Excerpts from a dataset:

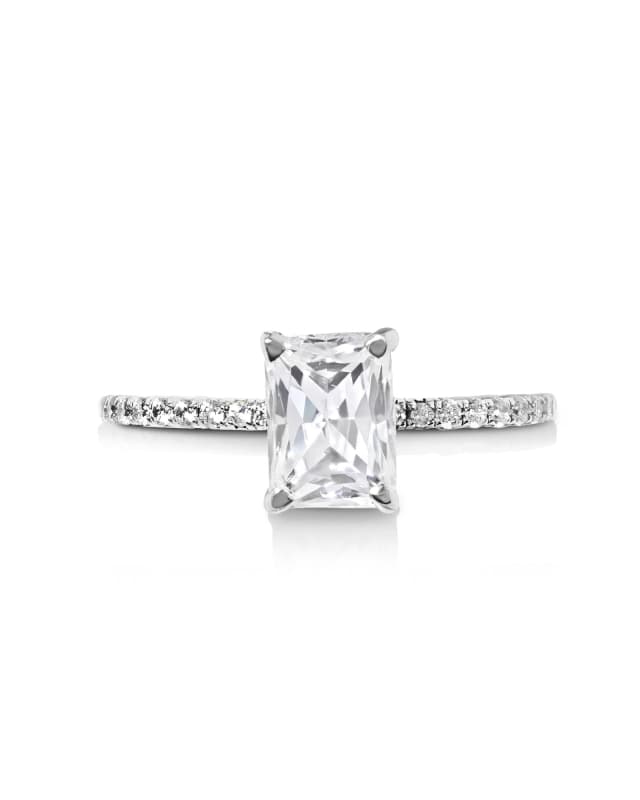 1 ct Solitaire N-S Emerald Engagement Ring with Pave Diamonds in 14k White Gold image number 0.0
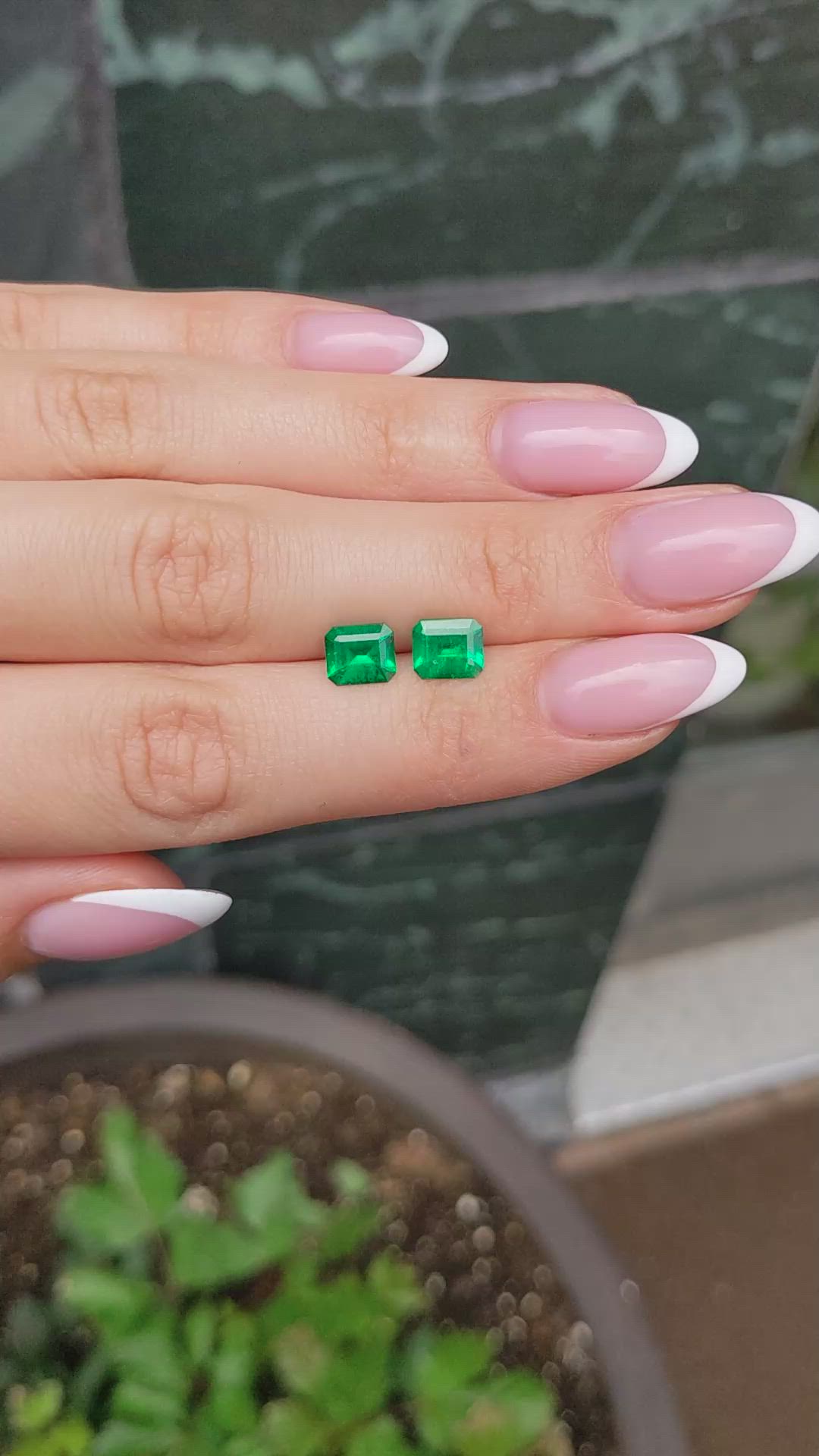 2.04 Ct.Tw.Total Carat Weight Emerald Pair from Colombia Size Video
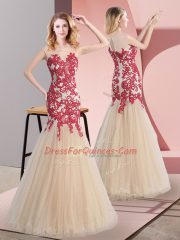 Beauteous Champagne Tulle Zipper Scoop Sleeveless Floor Length Prom Party Dress Appliques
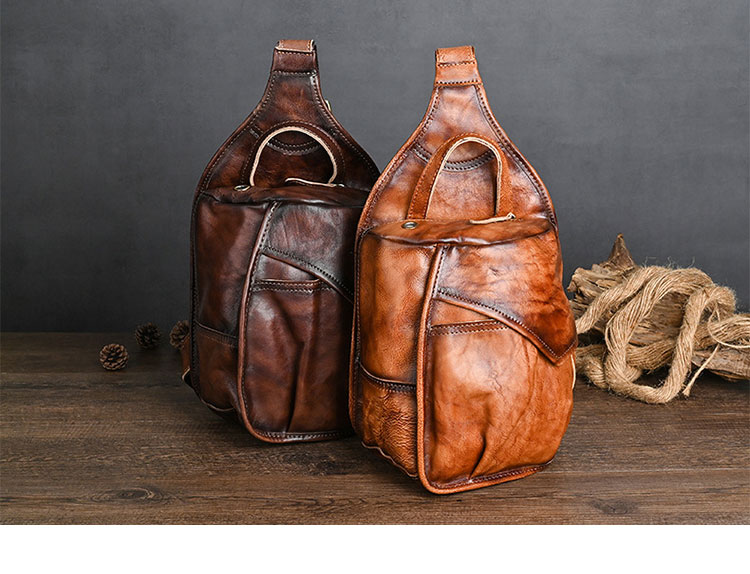 Whatna アンティーク風合い鞣し天 然牛 革 斜めがけ ボディバッグ ワンショルダー メンズ 左右付け替え可能 本革 厚手 レザーXB016-1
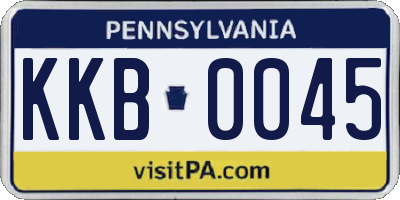 PA license plate KKB0045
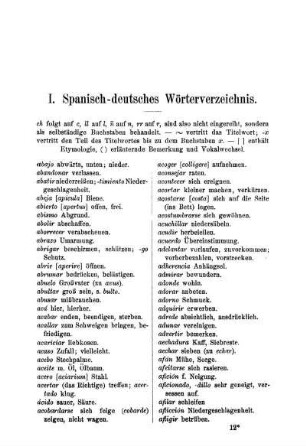 I. Spanisch-deutsches Wörterverzeichnis.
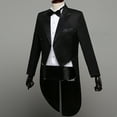 thumbnail image 3 of MSemis 4 Piece Men’s Classic Fit Tuxedo Tailcoat Tail Coat Suit, 3 of 4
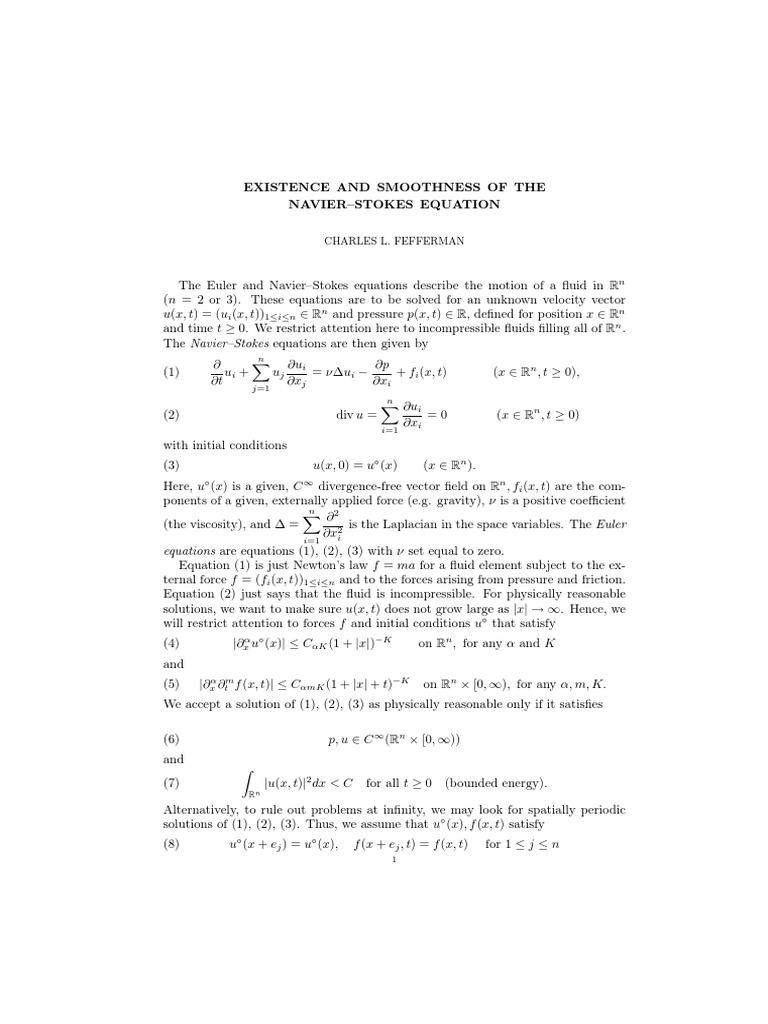 Navierstokes Millenium Problem | PDF | Navier–Stokes Equations | Fluid ...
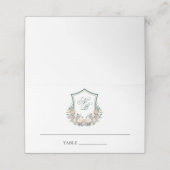 Dusty Blue Floral Crest Wedding (Buitenkant ongevouwen)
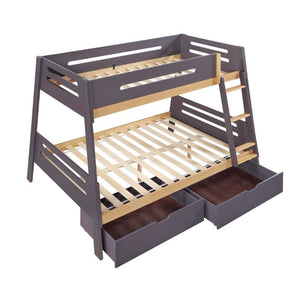 English Elm Contemporary Twin Over Full Bunk Bed with Storage Boxes Guard Rails Youth Bedroom B011S02742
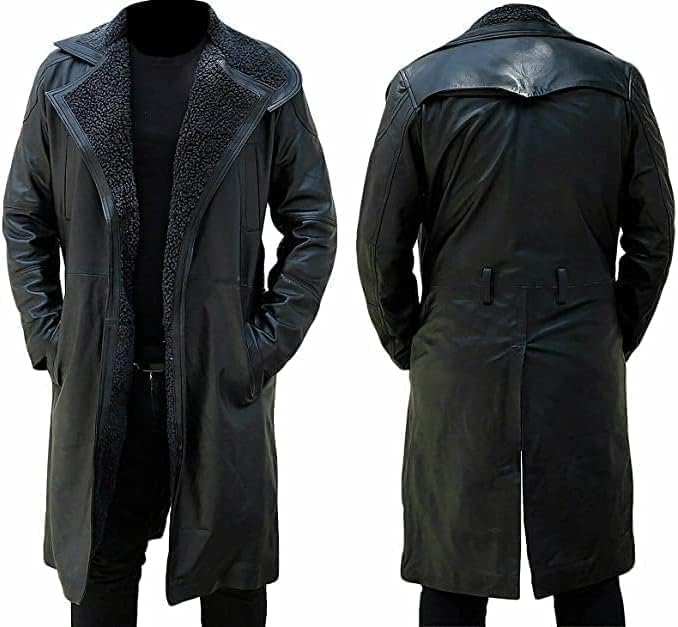 Men's Black Ryan Blade Gosling Runner Long Coat - Black Faux Fur Leather Coat-Leather Planet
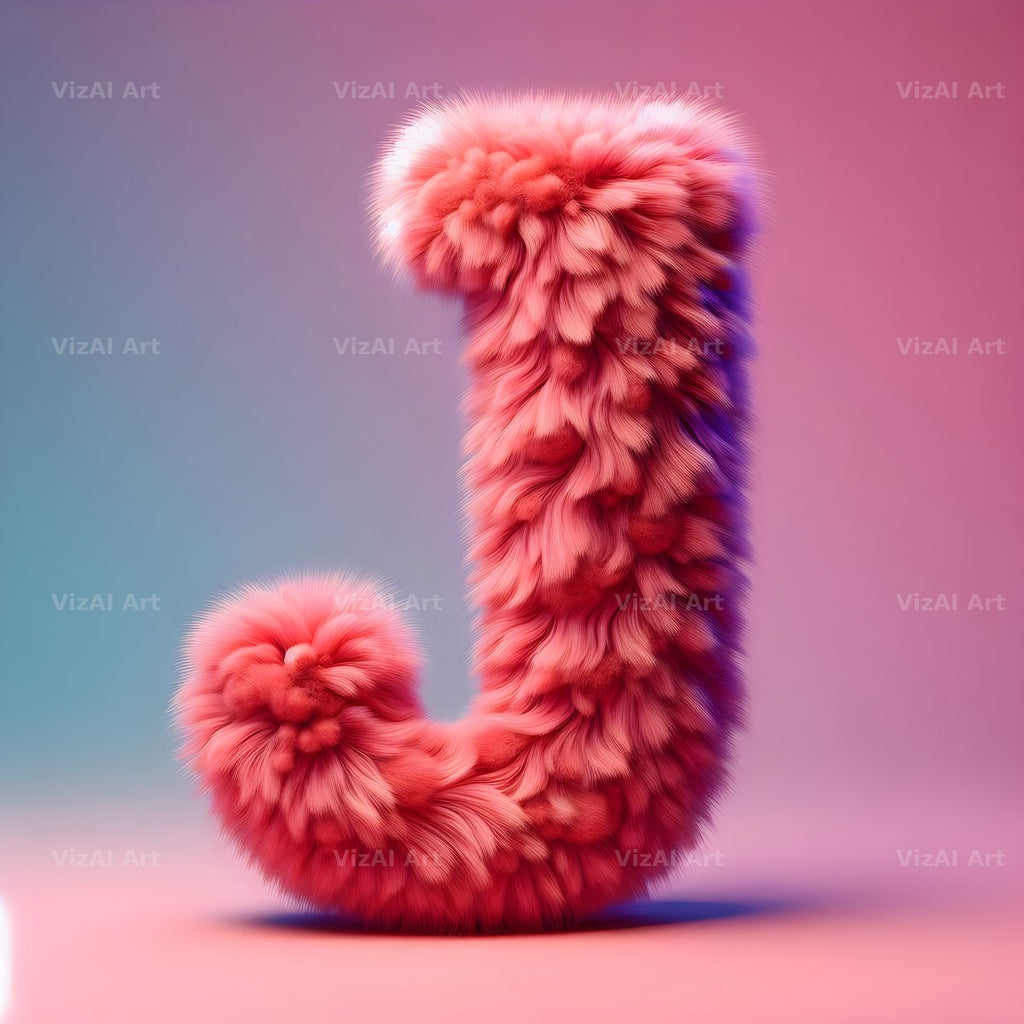 Pink Fur Fluff alphabet letter J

TASK: In the copy, no picture may appear; the records themselves must be output exactly.

THE ANSWER:
 1 ct Solitaire N-S Emerald Engagement Ring with Pave Diamonds in 14k White Gold image number 0.0
 2.04 Ct.Tw.Total Carat Weight Emerald Pair from Colombia Size Video
 Beauteous Champagne Tulle Zipper Scoop Sleeveless Floor Length Prom Party Dress Appliques
 Whatna アンティーク風合い鞣し天 然牛 革 斜めがけ ボディバッグ ワンショルダー メンズ 左右付け替え可能 本革 厚手 レザーXB016-1
 PA license plate KKB0045
 I. Spanisch-deutsches Wörterverzeichnis.
 thumbnail image 3 of MSemis 4 Piece Men’s Classic Fit Tuxedo Tailcoat Tail Coat Suit, 3 of 4
 Navierstokes Millenium Problem | PDF | Navier–Stokes Equations | Fluid ...
 Dusty Blue Floral Crest Wedding (Buitenkant ongevouwen)
 English Elm Contemporary Twin Over Full Bunk Bed with Storage Boxes Guard Rails Youth Bedroom B011S02742
 Men's Black Ryan Blade Gosling Runner Long Coat - Black Faux Fur Leather Coat-Leather Planet
 Pink Fur Fluff alphabet letter J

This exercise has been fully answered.